WHAT YOU ARE ASKED TO DO =>
Please print every record exactly as it stands, leaving out the pictures.
━━━ DATASET EXCERPTS
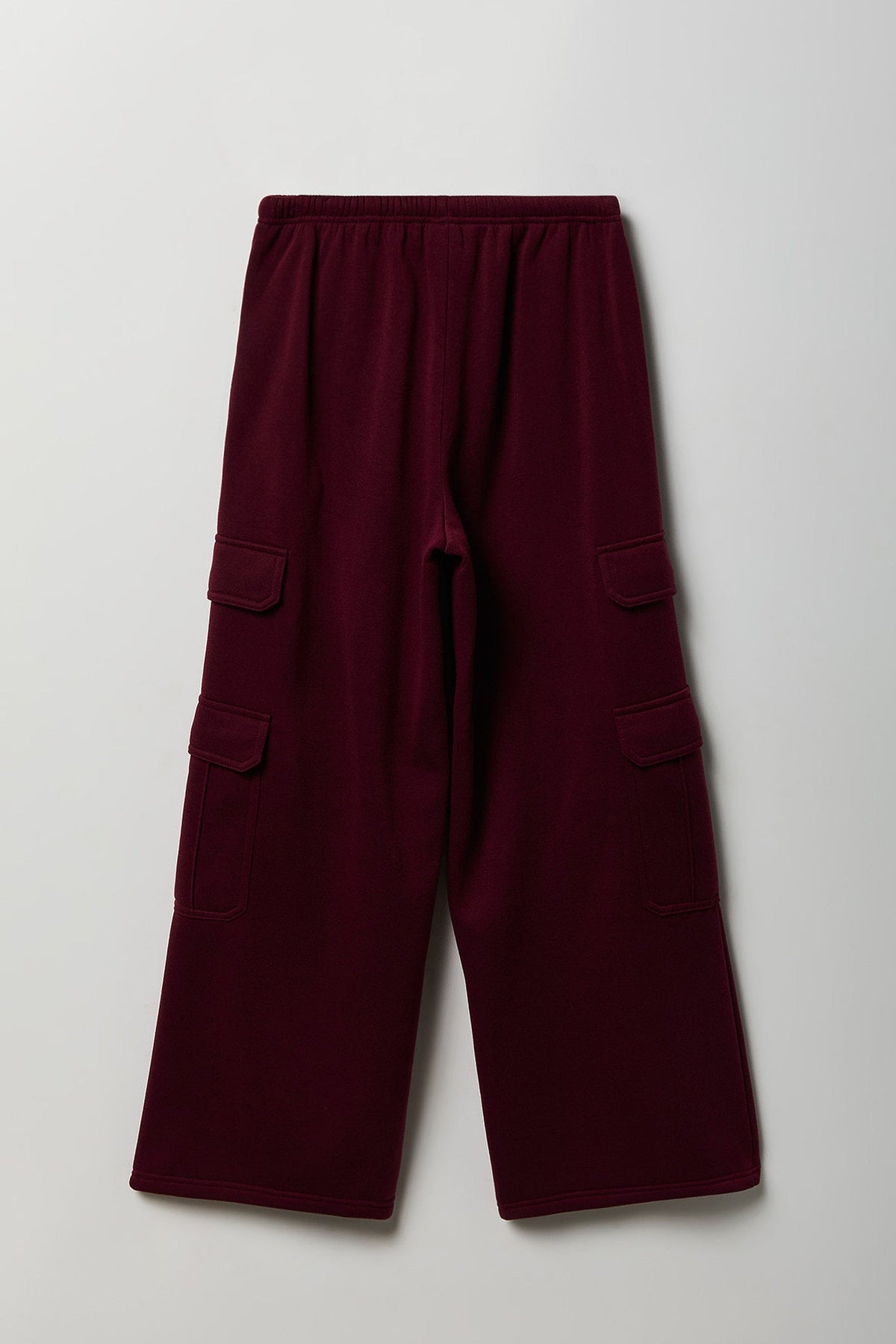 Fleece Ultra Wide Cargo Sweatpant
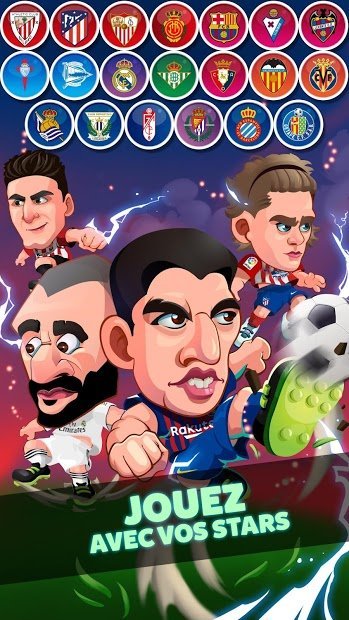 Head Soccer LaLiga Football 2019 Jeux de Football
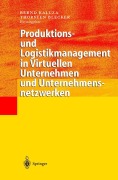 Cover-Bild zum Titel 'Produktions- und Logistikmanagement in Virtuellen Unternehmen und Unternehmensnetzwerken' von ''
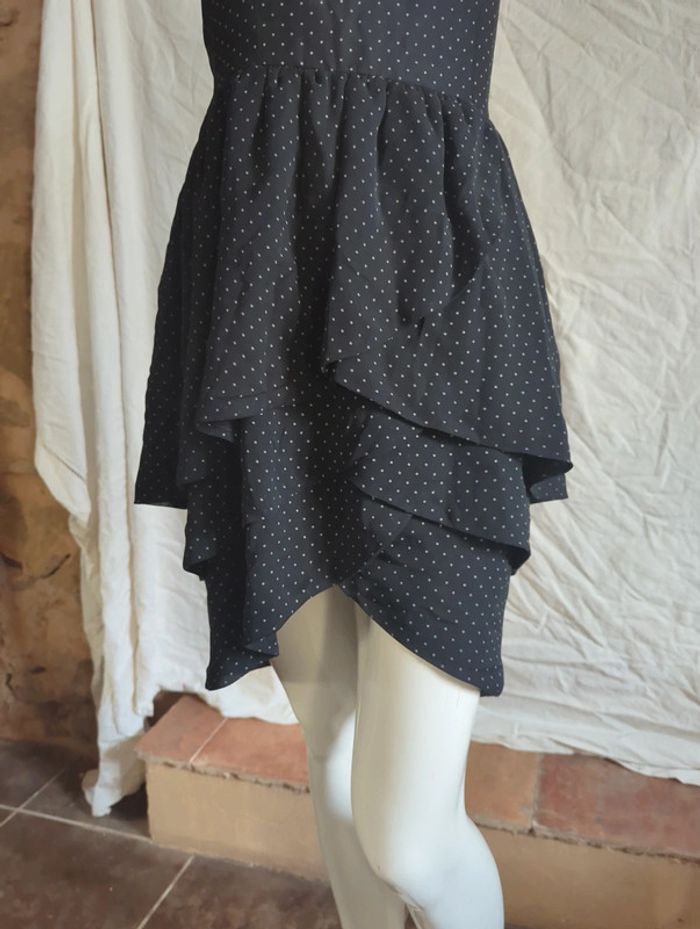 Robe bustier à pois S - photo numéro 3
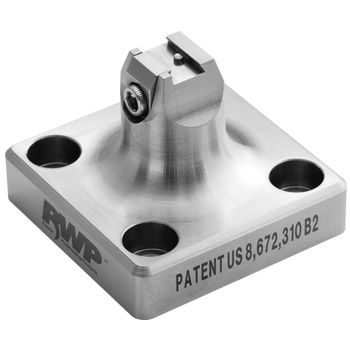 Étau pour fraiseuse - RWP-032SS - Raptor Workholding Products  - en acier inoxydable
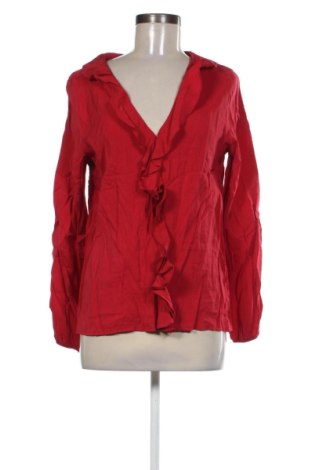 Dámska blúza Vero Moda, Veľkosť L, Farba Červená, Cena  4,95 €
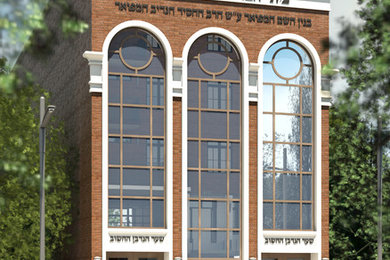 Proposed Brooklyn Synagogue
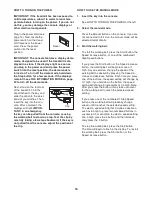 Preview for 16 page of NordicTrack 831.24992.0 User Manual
━━━━━━
REPLY TO THE TASK =>
 Fleece Ultra Wide Cargo Sweatpant
 Head Soccer LaLiga Football 2019 Jeux de Football
 Cover-Bild zum Titel 'Produktions- und Logistikmanagement in Virtuellen Unternehmen und Unternehmensnetzwerken' von ''
 Robe bustier à pois S - photo numéro 3
 Étau pour fraiseuse - RWP-032SS - Raptor Workholding Products  - en acier inoxydable
 Dámska blúza Vero Moda, Veľkosť L, Farba Červená, Cena  4,95 €
 Proposed Brooklyn Synagogue
 Preview for 16 page of NordicTrack 831.24992.0 User Manual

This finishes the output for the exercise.